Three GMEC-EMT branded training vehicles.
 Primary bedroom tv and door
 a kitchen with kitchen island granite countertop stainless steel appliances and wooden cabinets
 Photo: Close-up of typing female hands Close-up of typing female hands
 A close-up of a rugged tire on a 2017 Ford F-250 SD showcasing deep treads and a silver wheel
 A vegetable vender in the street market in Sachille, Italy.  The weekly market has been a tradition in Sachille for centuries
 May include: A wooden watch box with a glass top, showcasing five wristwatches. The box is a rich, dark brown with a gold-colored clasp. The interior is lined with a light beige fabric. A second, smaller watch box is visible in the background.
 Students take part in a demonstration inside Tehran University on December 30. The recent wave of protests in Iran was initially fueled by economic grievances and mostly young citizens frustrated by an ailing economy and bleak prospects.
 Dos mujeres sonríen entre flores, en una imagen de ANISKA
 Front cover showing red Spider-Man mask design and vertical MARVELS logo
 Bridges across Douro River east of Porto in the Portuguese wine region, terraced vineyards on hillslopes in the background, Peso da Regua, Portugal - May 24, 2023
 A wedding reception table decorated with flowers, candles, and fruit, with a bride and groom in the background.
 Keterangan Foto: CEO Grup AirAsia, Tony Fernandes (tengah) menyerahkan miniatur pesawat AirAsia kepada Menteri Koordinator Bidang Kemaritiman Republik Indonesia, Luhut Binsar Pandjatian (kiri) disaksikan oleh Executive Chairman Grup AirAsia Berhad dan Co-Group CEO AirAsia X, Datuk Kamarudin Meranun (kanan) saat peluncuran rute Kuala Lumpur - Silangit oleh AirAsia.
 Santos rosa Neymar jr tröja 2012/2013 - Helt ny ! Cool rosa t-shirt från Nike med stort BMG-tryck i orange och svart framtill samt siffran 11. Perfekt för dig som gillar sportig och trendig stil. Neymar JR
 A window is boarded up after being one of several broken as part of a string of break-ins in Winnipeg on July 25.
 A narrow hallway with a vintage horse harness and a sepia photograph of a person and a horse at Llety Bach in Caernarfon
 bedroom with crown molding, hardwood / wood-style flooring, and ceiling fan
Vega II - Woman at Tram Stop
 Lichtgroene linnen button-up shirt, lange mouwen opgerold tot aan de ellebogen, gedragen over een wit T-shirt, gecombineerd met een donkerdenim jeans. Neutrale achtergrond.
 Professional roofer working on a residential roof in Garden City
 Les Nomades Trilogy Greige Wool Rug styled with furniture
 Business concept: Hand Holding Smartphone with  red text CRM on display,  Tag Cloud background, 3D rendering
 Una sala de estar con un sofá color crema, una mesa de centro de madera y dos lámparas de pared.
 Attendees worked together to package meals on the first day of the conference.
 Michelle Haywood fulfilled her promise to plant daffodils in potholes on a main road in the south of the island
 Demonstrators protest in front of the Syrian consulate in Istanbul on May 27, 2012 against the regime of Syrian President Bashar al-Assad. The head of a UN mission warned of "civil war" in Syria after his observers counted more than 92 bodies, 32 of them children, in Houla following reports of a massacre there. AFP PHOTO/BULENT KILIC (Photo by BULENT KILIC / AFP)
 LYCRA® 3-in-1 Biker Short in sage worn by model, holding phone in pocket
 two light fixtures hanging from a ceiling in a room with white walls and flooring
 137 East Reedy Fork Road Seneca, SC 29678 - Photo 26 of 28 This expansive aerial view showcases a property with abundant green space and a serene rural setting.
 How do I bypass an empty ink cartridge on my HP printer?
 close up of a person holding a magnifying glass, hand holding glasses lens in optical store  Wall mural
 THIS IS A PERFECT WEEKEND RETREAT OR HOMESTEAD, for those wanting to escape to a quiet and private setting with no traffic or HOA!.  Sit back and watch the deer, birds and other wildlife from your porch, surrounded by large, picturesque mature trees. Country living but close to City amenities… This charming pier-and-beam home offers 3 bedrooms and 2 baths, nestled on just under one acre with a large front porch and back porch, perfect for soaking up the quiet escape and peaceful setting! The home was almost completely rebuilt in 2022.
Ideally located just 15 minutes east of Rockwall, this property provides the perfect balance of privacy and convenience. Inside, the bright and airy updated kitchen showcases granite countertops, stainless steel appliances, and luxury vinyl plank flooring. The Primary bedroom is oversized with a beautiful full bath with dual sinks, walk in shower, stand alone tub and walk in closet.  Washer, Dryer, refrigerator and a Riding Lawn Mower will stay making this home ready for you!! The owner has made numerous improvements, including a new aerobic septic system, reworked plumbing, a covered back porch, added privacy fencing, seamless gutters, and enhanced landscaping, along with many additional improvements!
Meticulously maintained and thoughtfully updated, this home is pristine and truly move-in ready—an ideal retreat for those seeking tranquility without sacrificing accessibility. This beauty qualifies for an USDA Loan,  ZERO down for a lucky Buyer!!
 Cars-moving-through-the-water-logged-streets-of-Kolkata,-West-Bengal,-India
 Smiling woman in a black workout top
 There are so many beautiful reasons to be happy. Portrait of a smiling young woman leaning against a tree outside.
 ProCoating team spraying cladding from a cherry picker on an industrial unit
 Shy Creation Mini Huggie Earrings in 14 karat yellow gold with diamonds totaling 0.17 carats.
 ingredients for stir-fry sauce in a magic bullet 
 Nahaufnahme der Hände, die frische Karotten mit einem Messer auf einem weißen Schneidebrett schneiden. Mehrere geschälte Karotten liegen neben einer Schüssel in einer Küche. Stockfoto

******************************

Show every line of the listing in which the string "granite" can be found.

ANSWER TO THE PROBLEM »
 a kitchen with kitchen island granite countertop stainless steel appliances and wooden cabinets
Ideally located just 15 minutes east of Rockwall, this property provides the perfect balance of privacy and convenience. Inside, the bright and airy updated kitchen showcases granite countertops, stainless steel appliances, and luxury vinyl plank flooring. The Primary bedroom is oversized with a beautiful full bath with dual sinks, walk in shower, stand alone tub and walk in closet.  Washer, Dryer, refrigerator and a Riding Lawn Mower will stay making this home ready for you!! The owner has made numerous improvements, including a new aerobic septic system, reworked plumbing, a covered back porch, added privacy fencing, seamless gutters, and enhanced landscaping, along with many additional improvements!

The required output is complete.